High Court’s Conservative Justices Lead Attack on Voting Rights Act’s Sec. 5

February 27, 2013

by Jeremy Leaming

The U.S. Supreme Court’s right-wing bloc appears ready to seriously weaken the integral enforcement provision of the Voting Rights Act of 1965.

During oral argument in Shelby County v. Holder, all of the court’s conservative justices as SCOTUSblog publisher Tom Goldstein reported appeared “committed to invalidating Section 5 of the Voting Rights Act and requiring Congress to revisit the formula for requiring preclearance of voting changes.” (Section 5 requires certain states and towns, mostly in the South, to obtain “preclearance” for any changes to their voting laws and procedures to ensure they do not harm minority voters.)

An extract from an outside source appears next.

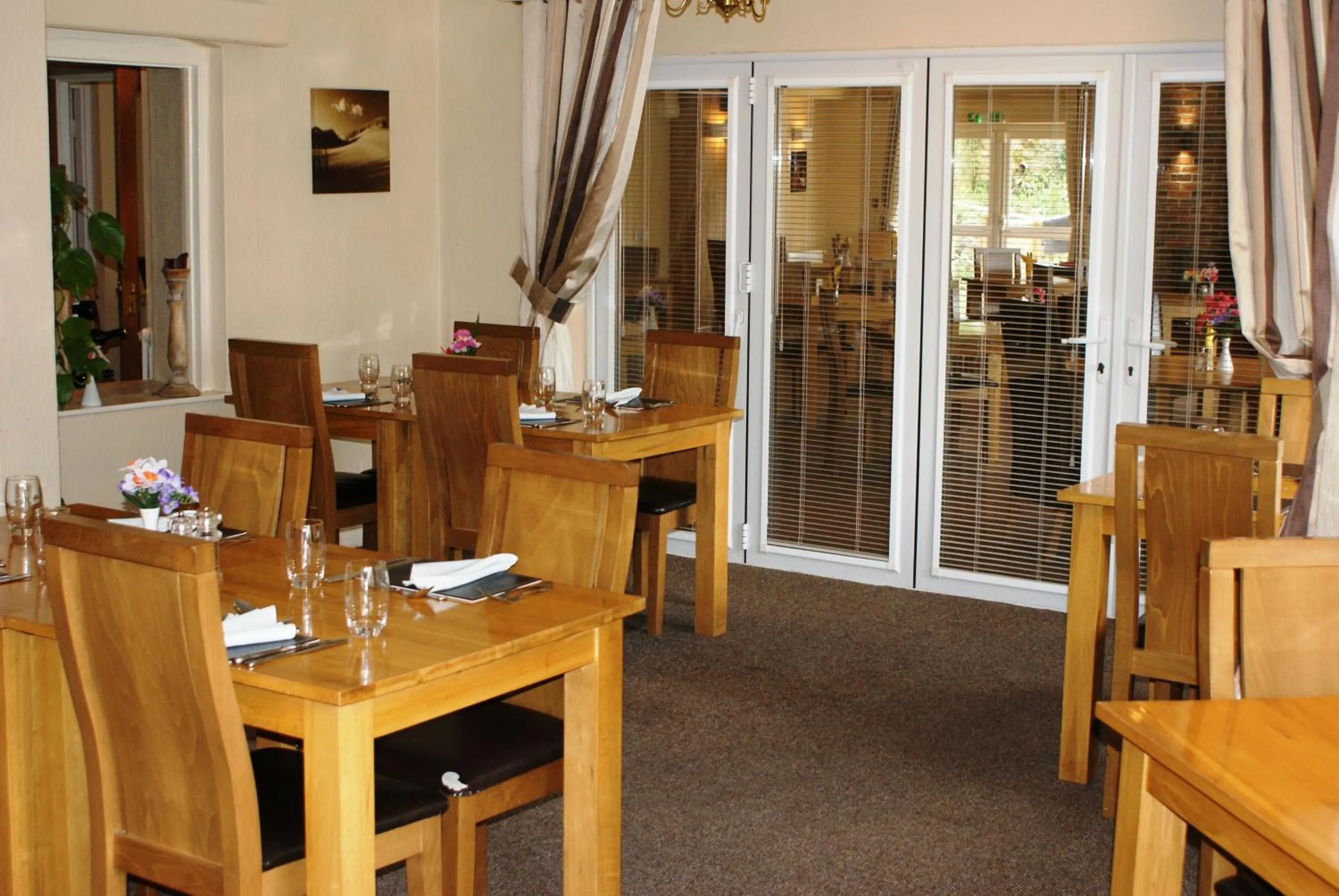 Seating area in Royal Lodge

The New York Times’ Adam Liptak in a piece on today’s oral argument noted that Justice Anthony Kennedy asked attorneys arguing in favor of Section 5, how much longer states like Alabama must live “under the trusteeship of the United States government.” Liptak also noted that Justice Antonin Scalia took a shot at Section 5 saying it produces a “perpetuation of racial entitlement.” The Huffington Post's Ryan J. Reilly expounded on Scalia's commentary, noting that the justice flippantly said Congress reauthorized the Voting Rights Act in 2006 because, who could vote against a bill with  such a "wonderful" name.

Bloomberg’s Greg Stohr also noted Kennedy’s skepticism of Section 5, saying the justice chided Congress for relying on a supposedly outdated formula for deciding what states should be covered.

Chief Justice John Roberts asked U.S. Solicitor General Donald Verrilli whether the Obama administration believes people in the South “are more racist than citizens in the North.” The Associated Press reported that Verrilli said no.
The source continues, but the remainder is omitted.